If the users have 286 steam powered laptops then developing and having developers do their development test on the latest 47 GHz Core i9000 is going to lead to some problems.
Those who say "give developers the best and TEST it" are partly right but this has a big MENTAL problem for the developers. They have no appreciation of the user experience until its too late - when testing fails.
When testing fails - architectures have been committed to, management have had promises made, lots of money has been spent, and then it turns into a disaster.
Developers need to think like, understand, and be in the zone of the user experience from day 1.
Those who cry "oh no it does not work like that" are talking out their whatsit. I've seen this happen, many times. The developers usual response is one of "well tell the CUSTOMERS to buy a better computer", which is effectively blaming the customer. Not good enough.
So this means that you have several problems:
Keep the devs happy and piss of the management, increase the chances of the project failing.
Use slower machines for development, with the risk of upsetting the devs, but keeping them focussed on what really matters.
Put 2 machines on the devs desk AND FORCE THEM TO TEST ON THE CLUNKER (which they wont do because it is beneath contempt.... but at least its very clear then if there are performance problems in test).
Remember batch systems and punch cards? People waited an hour or a day for turnaround. Stuff got done.
Remember old unix systems with 5 MHz processors? Things got done.
Techo-geeks love chasing the bleeding edge. This encourages tinkering, not thinking. Something I've had arguments about with more juniour developers over the years.... when I urge them to get fingers away from the keyboard and spend more time reading the code and thinking.
In development of code, there is no substitute for thinking.

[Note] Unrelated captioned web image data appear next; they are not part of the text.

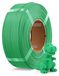 PLA Plus Filament 1 kg 1,75 mm Vert
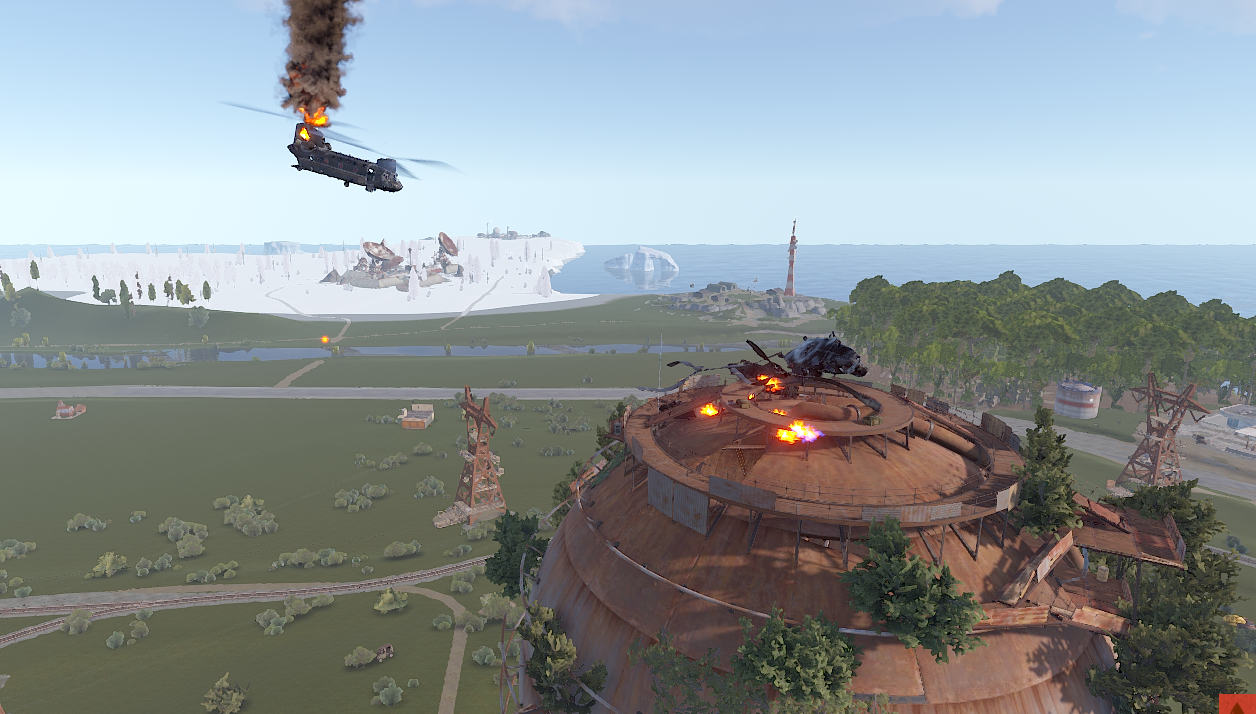 Снимок экрана 2025-05-16 074238.png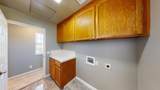 782 Shadowbrook Lane - Photo 22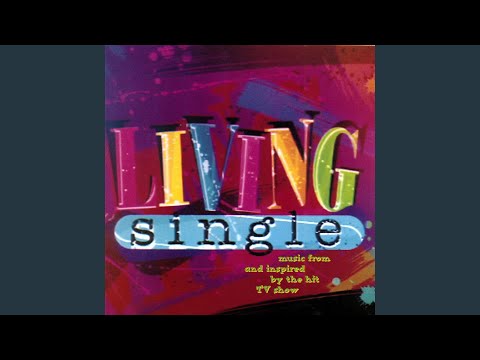 Video thumbnail for Pain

In this case, my feeling is - figure out WHAT REALLY MATTERS. Success of the project? Is this a company making / killing exercise? If it is, you can't afford to fail. You can't afford to blow money on things that fail in test. Because test is too late in the development cycle, the impacts of failure are found too late.
[A bug found in test costs about 10x as much to fix as a bug found by a dev during development.
And a bug found in test costs about 100x as much to fix as that bug being designed out during the architectural design phase.]
If this is not a deal breaker, and you have time and money to burn, then use the bleeding edge development environment, and suffer the hell of test failures. Otherwise, find another way. Lower end h/w, or 2 machines on each desk.